# Exercise inputs:
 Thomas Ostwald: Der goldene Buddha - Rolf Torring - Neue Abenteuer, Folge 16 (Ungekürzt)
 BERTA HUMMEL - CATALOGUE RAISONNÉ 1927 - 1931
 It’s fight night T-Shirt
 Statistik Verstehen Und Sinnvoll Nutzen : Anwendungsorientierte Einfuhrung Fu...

==

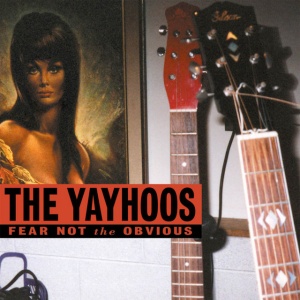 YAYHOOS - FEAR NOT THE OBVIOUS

# Work task:
Of all the entries above, repeat only the lines from the line that has "It’s fight night T-Shirt" to the line that has "Statistik Verstehen Und", both lines included, exactly.

# Task result:
 It’s fight night T-Shirt
 Statistik Verstehen Und Sinnvoll Nutzen : Anwendungsorientierte Einfuhrung Fu...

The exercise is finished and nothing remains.